*Dataset content:*
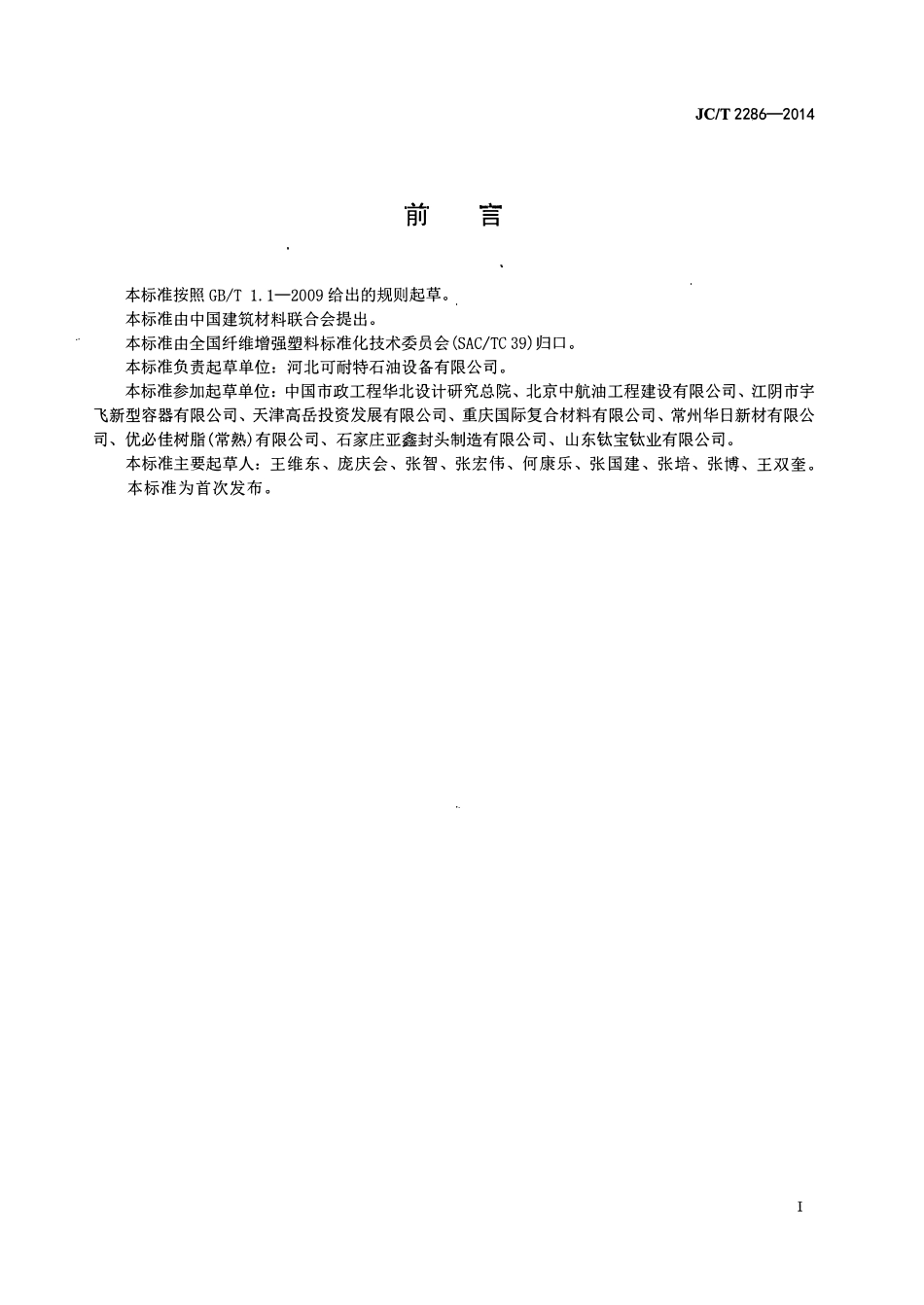 JCT2286-2014 钢-玻璃纤维增强塑料双层埋地储油罐.pdf_第2页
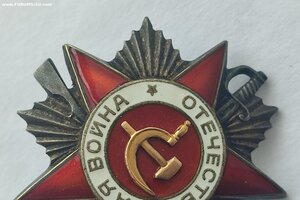 ОВ-2 № 846357 на документе. Указ за ранение.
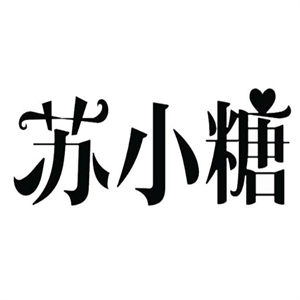 苏小糖烘焙生活馆
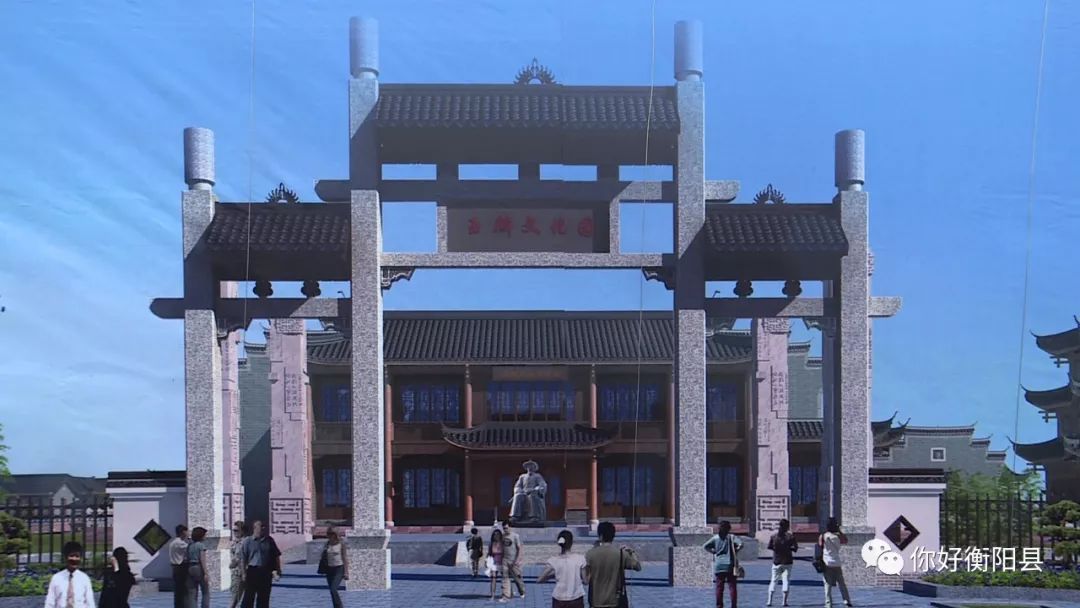 渣江玉麟文化园项目开工建设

*Task prompt:*
Take the lines from the one containing "ОВ-2 № 846357 на документе. Указ за ранение." through the final line of the listing above and print them exactly, including both ends but no pictures.

*Worked solution:*
 ОВ-2 № 846357 на документе. Указ за ранение.
 苏小糖烘焙生活馆
 渣江玉麟文化园项目开工建设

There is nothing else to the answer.